It all boils down to whether we see children as their own human beings of whom we are guardians during their vulnerable years, or if we see them as our possessions. No surprise, from the responses, MDC'ers see children as autonomous human beings. We all seem to have rules about clothes that pertain to keeping the children safe from weather or physical hazards, and to some degree to learning when a certain type of clothing is appropriate, but that the child can within those bounds express his or her own taste and style.
Like most here, our own house rules are pretty much the clothes must be appropriate to the weather, and you have to wear underpants or shorts (or thick tights) under a skirt. Hey, who am I to give fashion advice? For me, it's a big fashion day if my bandana (worn to cover my gray and usually messy hair) matches my shirt! Besides, who wants the hassle of arguing over clothes, especially if the kid has actually dressed himself? When I tell the kids they aren't allowed to do certain things, I feel there should always be a good explanation for why. And if the best reason for "why can't I wear this?" is "because I think those socks look silly with that dress" then that just isn't a good enough reason.
My mother-in-law is really INTO clothes, and she loves to buy clothes for the kids. My daughter really enjoys the clothes, but when she is given an "outfit" she ends up mixing and matching as she pleases. So it causes some bad feelings: MIL sees DD in some crazy get-up and feels personally rejected because she thinks DD doesn't like her gift because she isn't wearing it the "right" way. DD feels personally rejected because she feels Grammy doesn't like her because Grammy insults the way she dresses.
Last year, Grammy got DD a Halloween-themed outfit: skirt, LS shirt, tights, socks. Well, the following week Grammy came to visit and it was unseasonably warm so she put on the skirt but with a short-sleeved shirt and with the socks but no tights and with white sandals. Grammy and Pappy seemingly could not stop with the rude comments ("did you get dressed in the closet? Are you color-blind?" etc.) even when we told them how rude they were and to STOP IT. Their excuse was, she needs to change or she will get made fun of. Well, YOU are the ONLY ones making fun of her! Then we all went for a walk in the neighborhood and, no lie!, FOUR different people stopped to say how CUTE her outfit looked!! So much for getting made fun of.
Then there's DS with his dresses... and the hilarious thing is, at Easter he went to Grammy's house wearing the complete coordinated outfit that she had bought for DD two years earlier. Hey, at least he was coordinated! Her only comment was, "what will you do when he gets OLDER and still wants to wear a dress?" Umm, let him wear a dress, what difference is it how old he is? Besides, I'm the wrong one to ask about that. I love dudes in dresses. One of my favorite things about Dead shows was all the hot guys wearing a skirt and nothing else (I think they were breaking the underwear rule!;-)). Then there's kilts (yum!) and David Bowie, and then Ashton Kutcher imitating David Bowie on That Seventies Show...I like drag too but that's a different department, guys dressing up to look like a woman. I'm more into guys looking like a _guy_ in a dress/skirt. If that makes any sense. (As David Bowie described it, and this may not be an exact quote but close enough,"no, no, I'm not dressing like a woman. This is a MAN'S dress!")

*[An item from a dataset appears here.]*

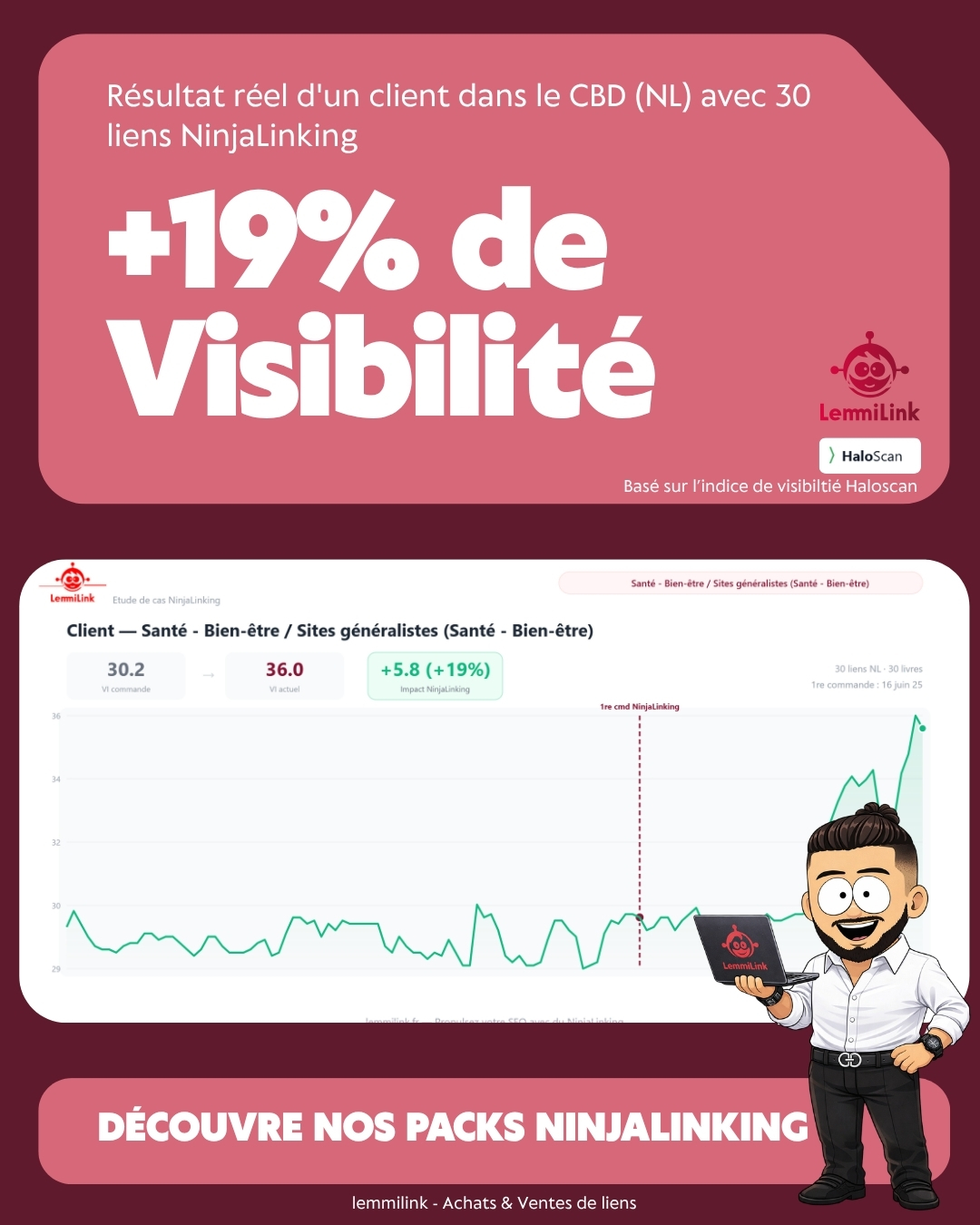 CBD +19% visibilité - 30 liens NinjaLinking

Grammy seriously needs to get herself a doll to dress up! They always wear the coordinated outfit with all the accessories just the way you like, and they even wear their hair the way you want them to. None of those pesky ideas of their own...

Jen


----------



## mama_mojo (Jun 5, 2005)

I occasionally insist on looking "nice", but I'm pretty flexible on what that means. As they get older, it mostly means clean.

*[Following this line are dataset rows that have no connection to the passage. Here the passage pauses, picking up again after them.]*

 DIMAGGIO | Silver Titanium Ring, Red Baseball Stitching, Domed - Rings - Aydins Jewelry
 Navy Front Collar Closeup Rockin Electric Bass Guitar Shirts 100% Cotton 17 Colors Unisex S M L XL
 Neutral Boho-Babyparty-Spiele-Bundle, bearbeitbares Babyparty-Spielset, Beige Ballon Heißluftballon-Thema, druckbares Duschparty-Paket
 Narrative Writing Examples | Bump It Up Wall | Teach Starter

I also make matching outfits for all three; it's really adorable. AND- they all usually enjoy wearing them together ONE time. Then it's all a mix and match kind of thing. But, I have never even mildly coerced them to wear the matching things, so if you see me with my kids in matching clothes, please don't assume I did it for the public's benefit. My children chose it, and they think they look cute, and their mother does, too.


----------



## mommy amber (Mar 29, 2008)

usually dd wears whatever she wants...but on the issue of shoes, for highly sensitive children the breaking-in period is an unavoidable debate area! we have gone through the purchase (she helps pick out) and return of several pairs of shoes...some are the exact same shoe she has LOVED in past seasons...just a bigger size/different color. she really just wants to keep wearing the shoes she's used to and loves and has worn in...who wouldn't?...if only I could keep her feet from growing








so, I have finally put my foot down...we got the same keen shoe she wore all last summer in a bigger size and I just keep assuring her that they will get more comfortable the more she wears them...


----------



## Evan&Anna's_Mom (Jun 12, 2003)

Quote:


Originally Posted by *mama_mojo* 
But, I have never even mildly coerced them to wear the matching things, so if you see me with my kids in matching clothes, please don't assume I did it for the public's benefit. My children chose it, and they think they look cute, and their mother does, too.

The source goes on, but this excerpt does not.